§ Work instruction
Below are records; reproduce exactly the lines from the one containing "stickers for your" through the end, both included, and only those.

(Data items)

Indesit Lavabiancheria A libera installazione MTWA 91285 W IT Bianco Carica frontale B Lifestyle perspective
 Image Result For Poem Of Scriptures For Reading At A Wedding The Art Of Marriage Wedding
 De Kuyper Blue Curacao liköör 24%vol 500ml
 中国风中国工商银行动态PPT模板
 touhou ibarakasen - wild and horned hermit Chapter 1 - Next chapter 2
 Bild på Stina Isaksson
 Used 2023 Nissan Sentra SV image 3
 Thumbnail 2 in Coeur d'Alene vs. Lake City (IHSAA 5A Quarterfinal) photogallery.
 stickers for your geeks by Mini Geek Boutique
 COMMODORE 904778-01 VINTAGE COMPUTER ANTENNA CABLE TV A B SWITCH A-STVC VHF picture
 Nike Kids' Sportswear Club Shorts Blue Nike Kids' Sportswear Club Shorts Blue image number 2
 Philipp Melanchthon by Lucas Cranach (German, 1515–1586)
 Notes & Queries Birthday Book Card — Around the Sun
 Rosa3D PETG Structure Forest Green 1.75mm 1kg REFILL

§ Answer section
 stickers for your geeks by Mini Geek Boutique
 COMMODORE 904778-01 VINTAGE COMPUTER ANTENNA CABLE TV A B SWITCH A-STVC VHF picture
 Nike Kids' Sportswear Club Shorts Blue Nike Kids' Sportswear Club Shorts Blue image number 2
 Philipp Melanchthon by Lucas Cranach (German, 1515–1586)
 Notes & Queries Birthday Book Card — Around the Sun
 Rosa3D PETG Structure Forest Green 1.75mm 1kg REFILL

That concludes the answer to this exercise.